Assume that after analysing the results from
estimate_numtrees
, we decide to use 500,000 trees for for
variable selection with random forest. Based on earlier findings, this
would yield a selection stability slightly above 0.99. However, to
publish exact stability metrics, we can use the
estimate_stability
function with the chosen number of
trees:
estimate_stability(optRF_result_2, with_num.trees=500000)

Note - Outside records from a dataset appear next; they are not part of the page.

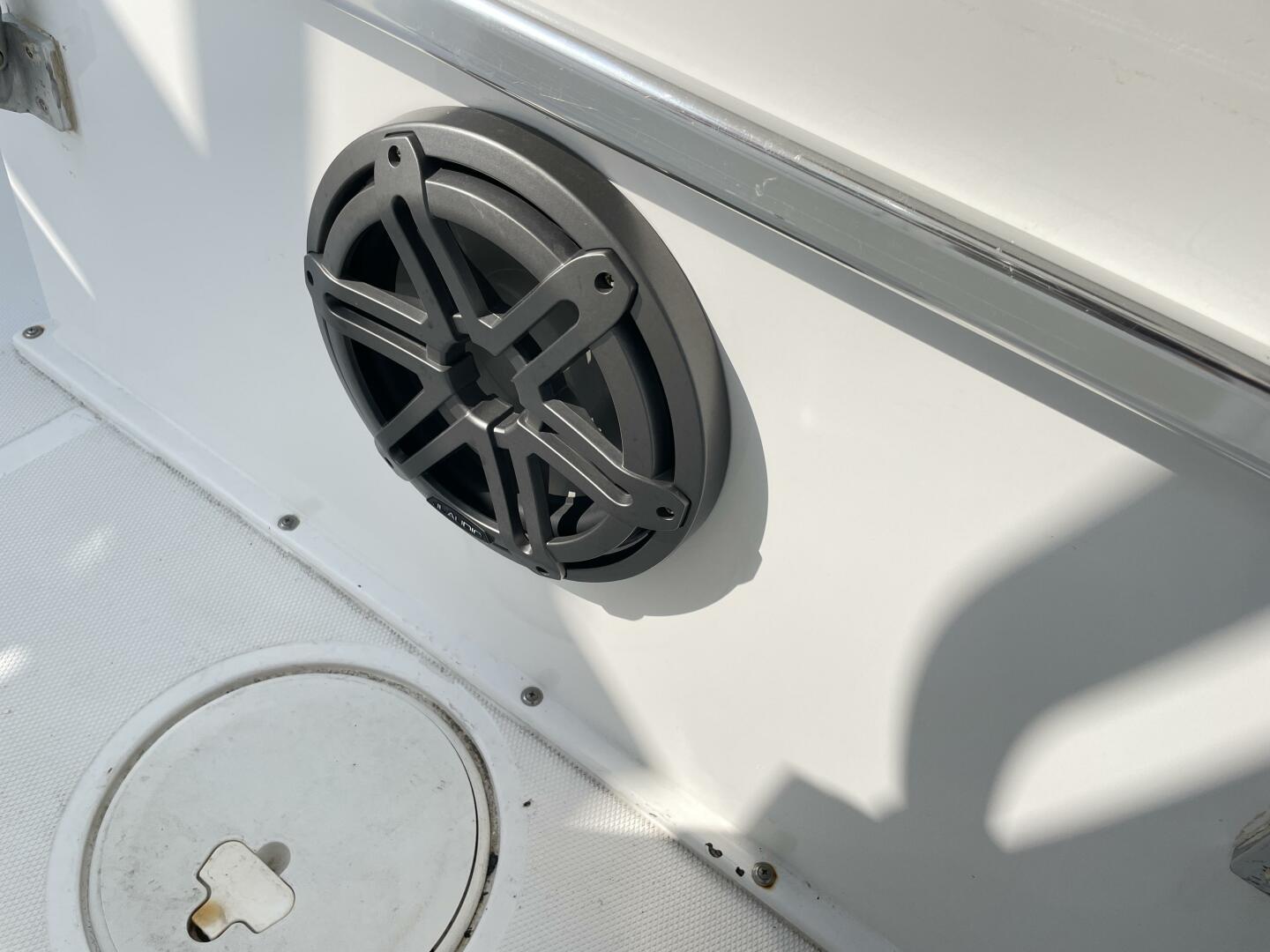 Slide: The Image of Sea Hunt 234 Ultra 2012 - 5027340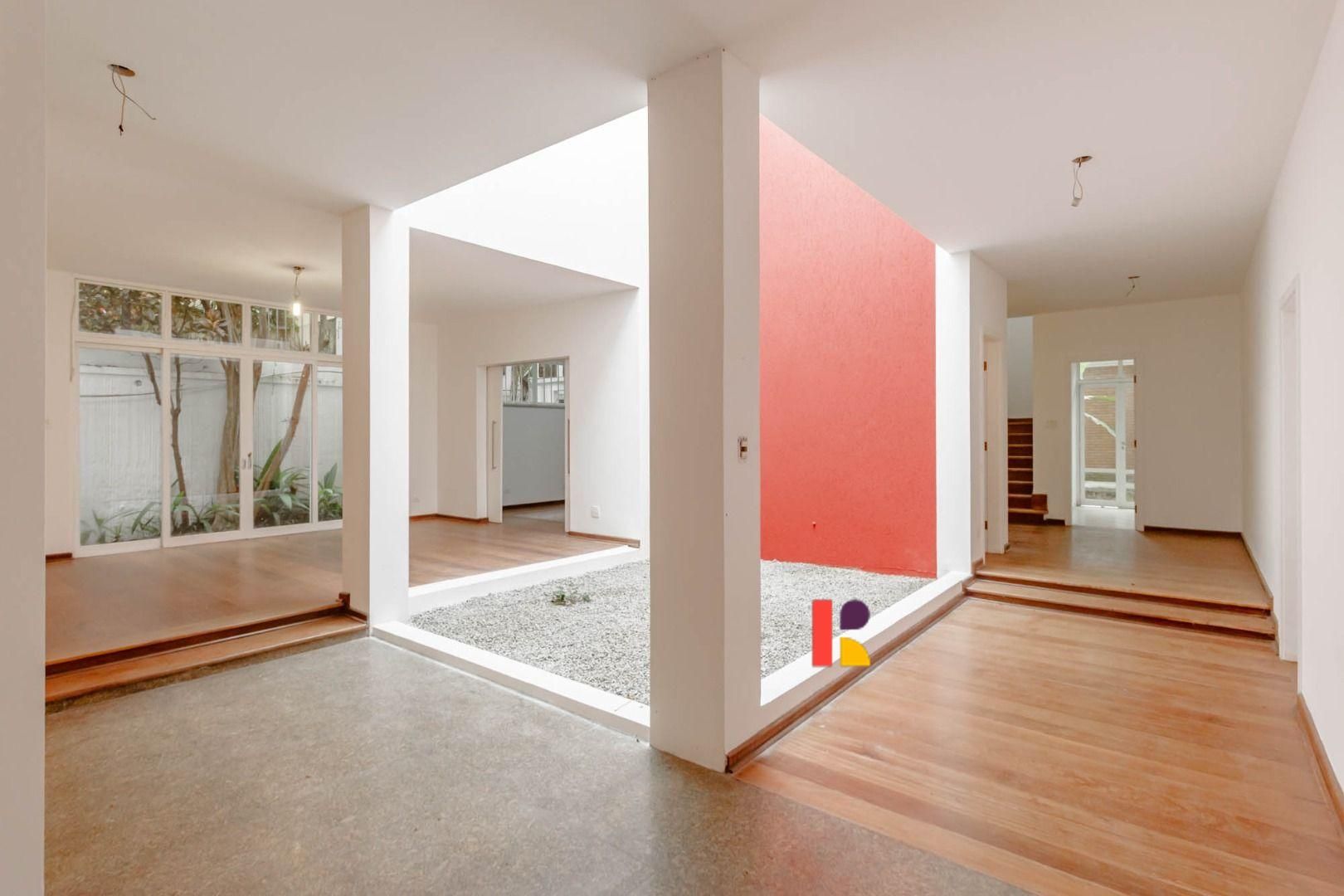 Casa com 3 suítes à venda em Alto De Pinheiros, São Paulo, por R$ 4.250.000 Imagem 4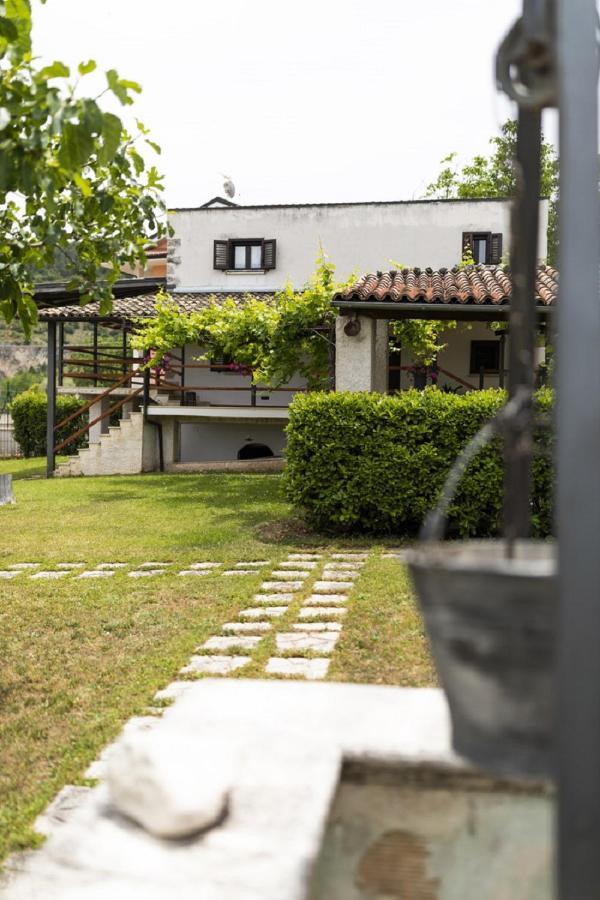 Il Ciavattone Bed And Bike Bed & Breakfast Sulmona Exterior foto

#> num.trees VI_stability selection_stability computation_time
#> (Intercept) 5e+05 0.9964582 0.9902447 662.5974
The results indicate that when using random forest for variable selection with 500,000 trees and this data set, the variable importance stability is 0.9965 and the selection stability is 0.9903. These values now give others the possibility to assess the reproducibility of the results and can show that the results of the analysis are reliable. Thus, the variable importance and selection stability should always be given when publishing decisions based on random forest predictions.
opt_importance
functionThis vignette illustrated an application of the
opt_importance
function where one could assume that only
around 1% of the variables in the data set affect the response. Using
this assumption, the number of trees was adjusted to enable stable
variable selection. However, this step becomes unnecessary if a user
already knows the exact number of variables to select. In such cases,
the desired number of variables can simply be specified directly in the
alpha
argument of the opt_importance
function.
In this example, the optimal number of trees was defined as the
number of trees at which adding more trees would increase the variable
importance stability by \(10^{-6}\) or
less. This threshold is arbitrary and can be customised using the
rec.thresh
argument to fit specific requirements. Next to
setting the recommendation
argument to
"importance"
(default) or "selection"
, the
recommendation
argument can be set to "none"
to analyse the relationship between the number of trees and stability
without receiving a specific recommendation. The user can then manually
determine the optimal number of trees using the
estimate_numtrees
, estimate_stability
, and
plot_stability
functions.
Users can also adjust computational settings to tailor the
opt_prediction
function to their needs. Using the
number.repetitions
argument, it can be controlled how many
repetitions are performed. Fewer repetitions will reduce computation
time but may lead to more variable results. Using the
num.trees_values
argument, certain numbers of trees can be
specified. Smaller ranges or fewer values will speed up computation but
might reduce the precision of the stability analysis. We recommend not
to adjust these arguments.
Next to the arguments described here, the user can also add arguments
from the ranger
function to customise the application of
opt_prediction
. This gives the user the possibility to
adjust the num.threads
argument to allow for parallel
computing or add specific values for hyperparameters in random forest
such as mtry
, min.node.size
, or
sample.fraction
.
While random forest has many advantages and can be easily used to
estimate the importance of the variables in a data set, it must be taken
into consideration that random forest is a non-deterministic method that
can lead to different variable importance estimates even when analysing
the same data set. The stability of random forest depends strongly on
the number of trees which not only increases stability but also
computation time. The optRF
package provides an efficient
solution for this problem by modelling the relationship between the
number of trees and the corresponding stability of random forest. With
its opt_importance
function, users can systematically
evaluate this relationship for a specific data set and determine the
optimal number of trees required to achieve satisfactory stability and
improve reproducibility. Researchers are encouraged to evaluate the
stability of the chosen number of trees to ensure reliable and
reproducible results when using random forest.